We also decline to reverse the conviction because of any alleged misconduct by the assistant United States attorney during closing argument. Although Evans contends that the assistant United States attorney improperly maligned the defense counsel, the assistant United States attorney did not act improperly by arguing that the defense attorney's arguments were irrelevant. The assistant United States attorney merely was pursuing the theory that mere possession of the guns while a convicted felon was enough to fulfill the elements of the crime. Evans also contends that the assistant United States attorney argued facts not in evidence by arguing that the agent decided on his own to make no further attempts to enlist Evans in an undercover operation. It is debatable whether this statement was a reasonable inference from the agent's testimony. However, Evans has presented no explanation of how he was prejudiced by this statement.

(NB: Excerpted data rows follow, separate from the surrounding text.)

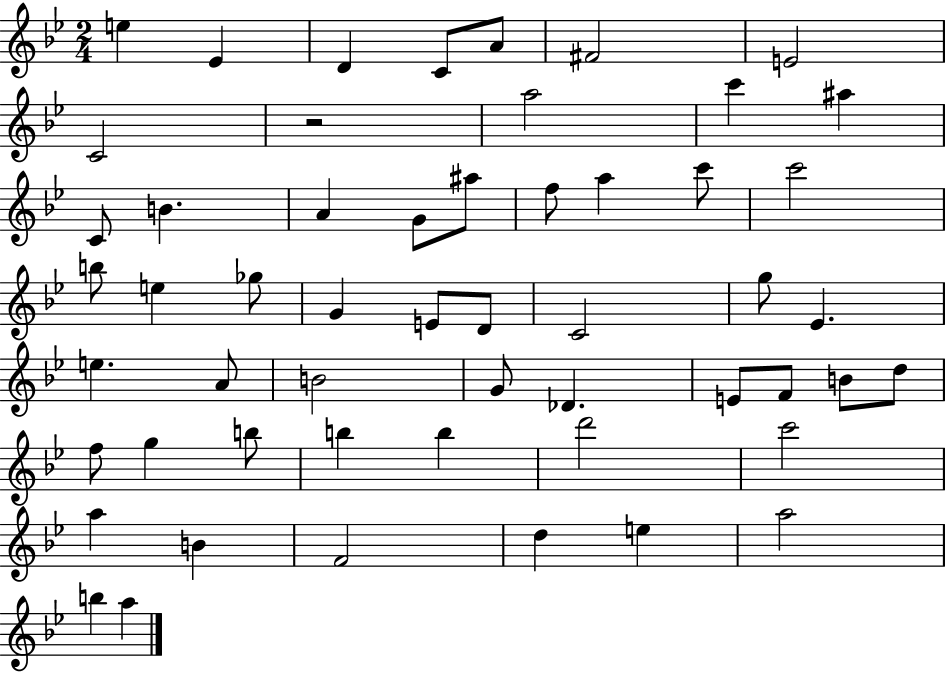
X:1
T:Untitled
M:2/4
L:1/4
K:Bb
e _E D C/2 A/2 ^F2 E2 C2 z2 a2 c' ^a C/2 B A G/2 ^a/2 f/2 a c'/2 c'2 b/2 e _g/2 G E/2 D/2 C2 g/2 _E e A/2 B2 G/2 _D E/2 F/2 B/2 d/2 f/2 g b/2 b b d'2 c'2 a B F2 d e a2 b a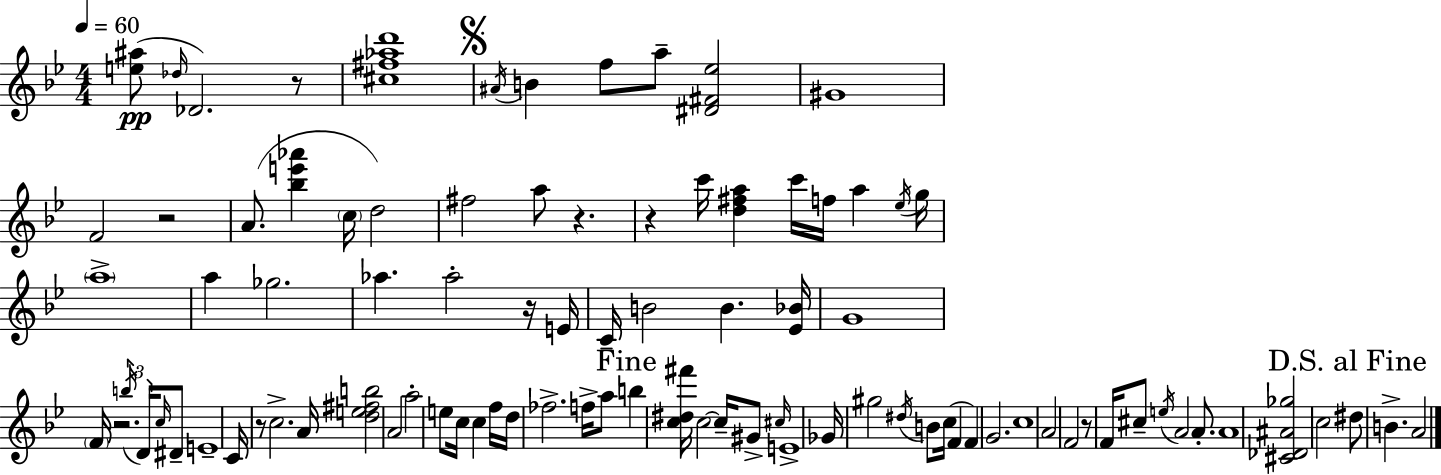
[E5,A#5]/e Db5/s Db4/h. R/e [C#5,F#5,Ab5,D6]/w A#4/s B4/q F5/e A5/e [D#4,F#4,Eb5]/h G#4/w F4/h R/h A4/e. [Bb5,E6,Ab6]/q C5/s D5/h F#5/h A5/e R/q. R/q C6/s [D5,F#5,A5]/q C6/s F5/s A5/q Eb5/s G5/s A5/w A5/q Gb5/h. Ab5/q. Ab5/h R/s E4/s C4/s B4/h B4/q. [Eb4,Bb4]/s G4/w F4/s R/h. B5/s D4/s C5/s D#4/e E4/w C4/s R/e C5/h. A4/s [D5,E5,F#5,B5]/h A4/h A5/h E5/e C5/s C5/q F5/s D5/s FES5/h. F5/s A5/e B5/q [C5,D#5,F#6]/s C5/h C5/s G#4/e C#5/s E4/w Gb4/s G#5/h D#5/s B4/e C5/s F4/q F4/q G4/h. C5/w A4/h F4/h R/e F4/s C#5/e E5/s A4/h A4/e. A4/w [C#4,Db4,A#4,Gb5]/h C5/h D#5/e B4/q. A4/h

Finally, the district court did not err under the sentencing guidelines. First, the factual finding that Evans had failed to show that the guns were intended purely for recreational use was not clearly erroneous. Thus, the denial of a four point reduction under section 2K2.1(b) (2) of the sentencing guidelines was proper. Second, the district added two points under section 3C1.1 of the guidelines for obstruction of justice because Evans lied about how he came into possession of the guns. On this record, this was not legal error. Third, the district court properly included in Evans's criminal history his prior convictions for misrepresenting his age to obtain liquor at age 17 and for being a minor in possession of alcohol at age 18. Regarding the first offense, a juvenile offense may be counted if it resulted in a sentence within five years of the present offense. Guidelines Sec. 4A1.2(d), application note 7. At the time of the second offense, Evans was no longer a juvenile. Thus, the sentence was properly calculated.

The judgment of the district court is affirmed.